Loyce Cody helped children who had challenges and disabilities.

As a special-education teacher, she handled young children with so much caring, so much understanding, that to some parents, she was like a grandmother.

Being a grandmother was important to the 69-year-old Augusta woman. She “especially enjoyed her grandchildren,” her obituary said. Listed among her survivors is 18-year-old Jacob Hoyt, who along with his 19-year-old girlfriend, Lyndsey Giovinazzo, was charged Wednesday with first-degree murder in Cody’s death.

When investigators went to check on Cody last Monday, after she didn’t come to work at Cessna Elementary in Wichita, they found her body in a bedroom of the house where she lived alone on Sunset Drive in Augusta. She appeared to have been strangled. Her 2010 Toyota Corolla, her bank debit card and candy from her home had been stolen, authorities said.

Cody’s sister-in law, Judy Basolo, who went to high school with her in McAlester, Okla., said, “We always thought of Loyce as a happy person. … She was just a fun person to be around because she was so positive.”

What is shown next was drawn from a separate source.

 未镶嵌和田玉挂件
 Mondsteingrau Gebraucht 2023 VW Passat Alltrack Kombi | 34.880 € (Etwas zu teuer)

She had worked her way through college, partly by throwing newspapers. She was a Sunday-school teacher.

“She loved her family, and they loved her,” Basolo said.

“It’s unbelievable. It’s just a hard thing to comprehend, just the tragedy of it all. It shouldn’t happen to anybody. But it’s just unfathomable that it happened to her because she had such a good heart. Just none of it makes any sense.”

Memories shared

Last Tuesday, a Wichita school district crisis team had to deal with the loss. Cody, who had worked at Cessna Elementary for about five years, taught a morning session and an afternoon session for pre-kindergarten special-education children. An administrator gathered the children in a circle. She told them that although a number of grown-ups were in the room with them, one of the adults was missing. The administrator told the children she had some sad news: Ms. Cody had died. She won’t be coming back.

Her students are around 4, so to them, death is a concept that is hard to understand. To a 4-year-old, death is temporary, reversible. So the administrator had to let her words sink in.

She told the children that she was sad about the news. She told them that they might see their teachers crying, because the teachers’ hearts were sad. Crying is OK, she said.

But the administrator also wanted the children to share memories. She remembered how Ms. Cody had a big smile, and when the administrator made an exaggerated smile, everyone giggled.

Someone recalled that on the school’s Crazy Hair Day, Ms. Cody wore many small braids in her hair, and everyone laughed about that.

One by one the children recalled that she taught them letters and numbers, and one boy shared, “She taught me to sit still.”

“She taught me timeout,” a girl added.

A couple of the fathers asked the staff what they could do for their children now that they were exposed to losing their teacher. The advice: Give them a lot of love and hugs. Read them a story. Listen. Let them ask questions. Cook them a favorite meal. Let them share a memory.

Previous problems

Hoyt, Cody’s grandson, who will turn 19 in a few days, was wanted in Washington County, Okla., after he failed to appear in court for his sentencing in November after pleading guilty to misdemeanor marijuana possession, records show.

In a Butler County, Kan., court last week, where he was told of the murder and theft charges that had been filed against him, Hoyt said he had become unemployed after working at a Coffeyville fast-food outlet. When he asked Judge Mike Ward if Kansas had a death penalty, the judge noted that Hoyt was not charged with capital murder, the charge that would be necessary to face the death penalty.

In August, Hoyt’s girlfriend, Giovinazzo, who was living in Bartlesville, Okla., had been a defendant in an emergency order of protection filed in Washington County by a former friend who alleged that Giovinazzo was harassing her. According to other court records, the protective order was dismissed Nov. 17.

The two are each being held in the Butler County Jail under a $1 million bond.